Es ist wirklich schwierig, das neue Werk von POISON THE WELL passend in Worte zu kleiden. ‚Versions’ ist ein Album geworden, das weniger mit dem Begriff „Song“, dafür vielmehr mit Wörtern wie Geräuschkulisse oder Klangwand beschrieben werden kann. Die einzelnen Tracks sind genauso ungewöhnlich und gewöhnungsbedürftig wie gleichsam hart und unvorhersehbar. Hierzu tragen nicht zuletzt die stellenweise eingesetzten, für ein Hardcorealbum absolut unkonventionellen Instrumente wie Mandoline, Trompeten, Slidegitarren und Banjo bei. Was hierbei an Kompositionen entsteht, kann ehrlich betrachtet stellenweise an den Nerven zerren, andererseits ist es aber dann wieder wie ein Sog, der einen unwillkürlich in seinen Bann zieht. ‚Versions’ ist ein Musik-Trip.
Die Aufnahme des Albums hat erneut in Schweden stattgefunden, wo auch schon das 2003er Release ‚You come before you’ das Licht der Welt erblickte. Die gesamte Aufnahme ist ein wenig überladen. Zu viel Hall auf den einzelnen Instrumenten, zu viel Verzerrer auf dem Gesang, zu viele „Nebengeräusche“ unter den eigentlichen Songstrukturen. Das Ergebnis ist ein eher schwebender, lauter Sound, der nicht gerade als einfache Kost zu beschreiben ist. Man hat stellenweise Probleme, sich wirklich auf die Musik zu konzentrieren, weil das Ohr von zu vielen Eindrücken auf einmal beansprucht wird. Insgesamt sicherlich ein interessantes Experiment, was die Klangforschung betrifft, aber rein vom musikalischen Aspekt erwecken die Songs eher den Eindruck, als ob versehentlich zusätzliche Spuren auf der Aufnahme wären, die eigentlich noch gelöscht oder ausgefiltert werden sollten. Wo andere Bands dezente Hintergrundeffekte setzen, bauen POISON THE WELL auf Hintergrundmusik, die als Begleitung zu den Effekten fungiert.
‚Versions’ ist ein mutiges Album, ein Experiment, das auszuloten scheint, wie weit ein Publikum belastbar ist und wie weit Fans bereit sind, den Weg gemeinsam mit einer Band zu beschreiten. Sicher dürfte sein, dass es nicht viele Alben gibt, die mit diesem Release vergleichbar sind, nichtsdestotrotz vermisst man doch die ehrlichen Attacken nach vorne, wie sie auf dem Debüt ‚The opposite of December’ aus dem Jahr 1999 in jedem Song vorkamen. Selbstverständlich darf eine Band nicht auf der Stelle treten, und POISON THE WELL haben sich stetig weiterentwickelt, allerdings ist der Weg, den sie gehen, ein recht eigenwilliger Weg, und unter Umständen wird es sich zu einem einsamen Weg entwickeln. Ob ein weiteres Release in der Art noch Anklang finden mag, bleibt abzuwarten.

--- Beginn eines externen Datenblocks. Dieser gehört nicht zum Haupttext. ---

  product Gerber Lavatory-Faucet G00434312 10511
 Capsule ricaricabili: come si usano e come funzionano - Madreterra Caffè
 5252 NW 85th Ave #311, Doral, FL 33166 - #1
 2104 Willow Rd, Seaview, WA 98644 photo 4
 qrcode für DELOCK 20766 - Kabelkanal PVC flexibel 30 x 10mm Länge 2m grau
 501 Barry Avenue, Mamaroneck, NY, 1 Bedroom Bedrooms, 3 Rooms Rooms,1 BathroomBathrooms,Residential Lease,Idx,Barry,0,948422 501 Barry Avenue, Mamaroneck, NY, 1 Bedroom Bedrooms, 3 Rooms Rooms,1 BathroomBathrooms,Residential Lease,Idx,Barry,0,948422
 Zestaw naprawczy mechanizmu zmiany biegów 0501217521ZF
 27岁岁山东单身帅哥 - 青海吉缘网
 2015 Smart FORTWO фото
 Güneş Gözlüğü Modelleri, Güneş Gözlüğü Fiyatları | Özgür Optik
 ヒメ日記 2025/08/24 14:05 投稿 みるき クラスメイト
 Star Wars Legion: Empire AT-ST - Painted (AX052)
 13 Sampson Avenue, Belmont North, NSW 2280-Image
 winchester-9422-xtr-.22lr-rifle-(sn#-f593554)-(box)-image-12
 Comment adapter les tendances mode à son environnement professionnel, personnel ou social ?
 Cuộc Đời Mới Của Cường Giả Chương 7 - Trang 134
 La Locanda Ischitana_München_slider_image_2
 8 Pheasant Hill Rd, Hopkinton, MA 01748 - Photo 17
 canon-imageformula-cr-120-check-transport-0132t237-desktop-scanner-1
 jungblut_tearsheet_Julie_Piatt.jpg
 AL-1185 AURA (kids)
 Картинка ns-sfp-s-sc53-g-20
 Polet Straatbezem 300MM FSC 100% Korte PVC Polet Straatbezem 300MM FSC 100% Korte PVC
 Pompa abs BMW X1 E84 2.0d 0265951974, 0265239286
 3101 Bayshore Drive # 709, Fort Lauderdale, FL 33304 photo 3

Mit ‚Versions’ gehen POISON THE WELL einen Schritt weiter als noch auf ihrem Vorgängerwerk, lassen alles bisher da gewesene hinter sich und überraschen immer wieder mit ungewöhnlichem Noisecore, der durch seinen Mangel an moshenden Stakkatos nichts mehr mit ihren Erstlingswerken zu tun hat. Wer das letzte Album mochte, der wird ‚Versions’ lieben, wer sich mit ‚You come before you’ bereits schwer getan hat, der sollte die Finger davon lassen. Absolute Premiere (zumindest meines Wissens) dürfte die Tatsache sein, dass das gesamte Album zur Zeit auf Myspace angehört werden kann… Also, hin da und reinlauschen.